Undoubtedly, Iacocca was not a great fan of Ralph Nader. After all, Nader's first attack was on General Motors for its unsafe rear-engined Chevrolet Corvair, which was apparently cute but dangerous. It was Nader, after all, who got us thinking about consumer product safety — the baby toys that caused choking, the flammable children's pajamas, and so forth. Without somebody thinking “safety first,” then we'd still be driving automobiles without safety glass, seatbelts, air bags, and unibody construction. As a result, there would be far more auto fatalities.

Of course Iacocca didn't like to be sued. But if his automobiles were built with safety in mind, then he wouldn't face lawsuits, or at least, the plaintiffs wouldn't win. However, no matter how much the Wills or the Iacoccas complain, we're not going to get rid of plaintiff lawsuits. Why is that, you ask?

Sue Thy Neighbor

One of my earlier columns in this publication alluded to numerous lawsuits, Miller v. So-and-so, and the like. One involved a man sued because a mule he had borrowed died from a beating, and he wanted it replaced with that man's own animal, a donkey. Suit after suit was cited, each with a disposition by the Court. But the citations were all from the Montgomery County, Ohio, court records of 1804, when there were but 600 families in the entire county. So there they were — out in the wilderness of Dayton — meeting in Newcom's Tavern, literally suing the asses off each other.

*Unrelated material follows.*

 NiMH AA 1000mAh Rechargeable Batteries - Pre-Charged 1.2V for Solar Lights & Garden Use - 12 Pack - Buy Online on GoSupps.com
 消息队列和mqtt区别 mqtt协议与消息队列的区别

Folks, we're not going to get rid of lawsuits, because litigation is a religion. It has a temple: the courthouse at the center of every town. It has ritual, good and evil, drama, high priests (the judges), sacrifice, and vestments, albeit without the wigs worn in many nations.

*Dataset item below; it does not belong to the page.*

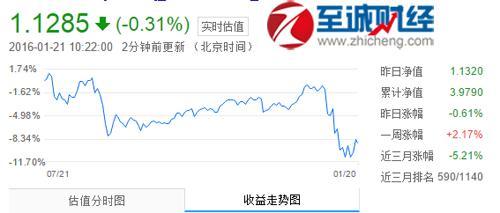 华夏回报二号基金-华夏回报二号基金今日净值查询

I suppose we adjusters can be thankful for that. It gives us job security and comfort in the knowledge that no matter how bad the economy, our insureds will still be filing claims against each other. We need consumer product safety. If manufacturers will not perform their own due diligence in providing safe products, and the government gets behind in its mandated examinations, then expect that injured parties will start suing our corporate insureds. Where are the underwriters? Do they not ask what the manufacturers are producing, and whether those products are safe? Is it not unethical to be writing product liability insurance on unsafe products? How does that become a “fair and equitable” matter of rating when good insureds have to pay the price of the claims for bad insureds?

High Horses and Pickles

Corporate risk managers often have two options: They can climb on their “high horses” and browbeat engineering and operations into producing safer products, or they can go into the food business, dealing with the pickles and jams that those unsafe products will create. But it seems that too many risk managers are more concerned with the financial aspects of risk than with the practical and loss-controllable aspects. Thus, a multitude of unsafe conditions and products abound.

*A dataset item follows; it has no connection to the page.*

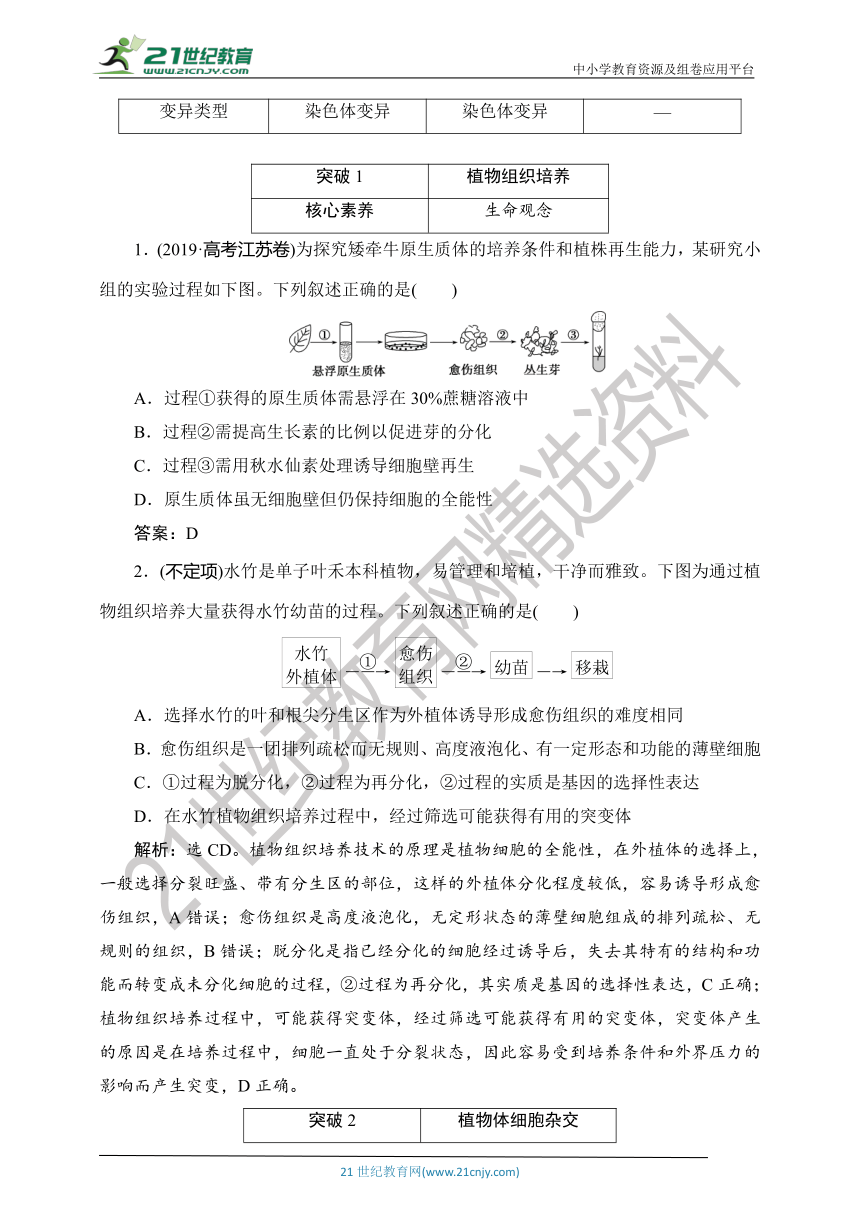 【考点梳理  生物总复习 】75第35讲　植物细胞工程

School system risk managers do have valid concerns. Only a handful of states still permit corporal punishment of students. The paddle went out with the lawsuit. Now the public schools are hothouses of bedlam — local insane asylums for kids under 18 — who rampage around and learn nothing, or so it would seem. Many are also filing lawsuits because Johnny never learned to read, or because Jane got pregnant while under the school's general supervision. Will has a very valid point: When the kids aren't permitted to roam the playground, they are going to instead sit around and get fat. Of course, the parents will sue for that, too.

Whatever happened to common sense anyway? I doubt our 21st century will be any more logical than any other century when it comes to litigation, safety, and the opportunity to make a buck by skimping on the protection of the customer. “Buyer beware,” is a difficult motto in a technological age because now the world is so complicated that the buyer cannot possibly understand it all. This means that lawsuits and actions by product safety agencies will be necessary to keep us out of harm's way. It's a dumb and expensive way to go about it. However, if underwriters won't underwrite and risk managers won't manage risk, then we in the claim business will still have plenty of work in picking up the injured pieces and trying to indemnify the victims.